+++ Stored data

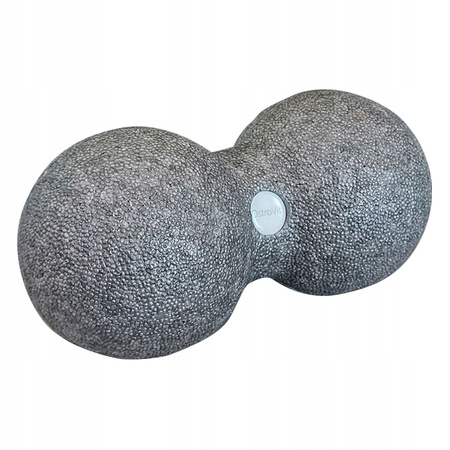 OstroVit Double Massage Ball DUO BALL ROLLER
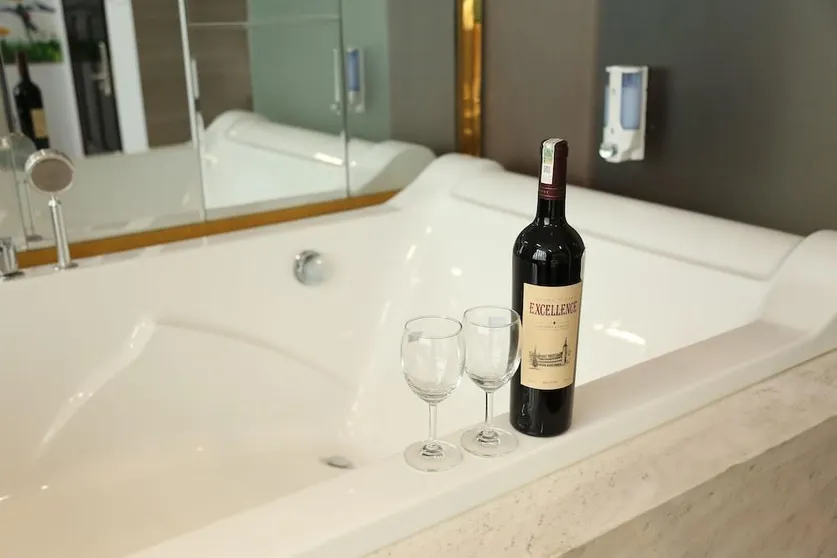 Ảnh Hong Bao Thach Hotel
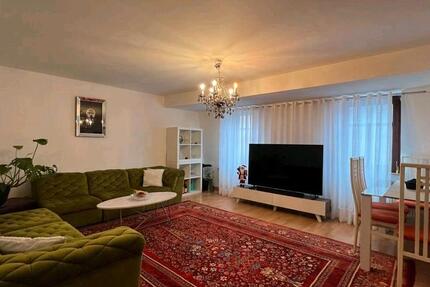 Wohnung Fürth Altstadt - 1 Zimmer, 59 m&sup2;, 885&euro; | Angebot:25222870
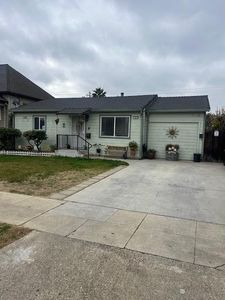 7521 Chestnut St, Gilroy, CA, 95020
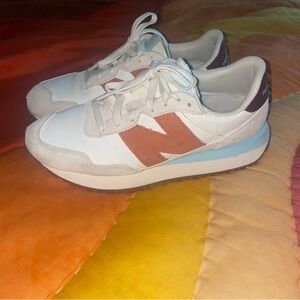 New Balance 237s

++++++

> What you will do:
This calls for an exact copy of all the entries above, with the pictures omitted.

> Response area:
 OstroVit Double Massage Ball DUO BALL ROLLER
 Ảnh Hong Bao Thach Hotel
 Wohnung Fürth Altstadt - 1 Zimmer, 59 m&sup2;, 885&euro; | Angebot:25222870
 7521 Chestnut St, Gilroy, CA, 95020
 New Balance 237s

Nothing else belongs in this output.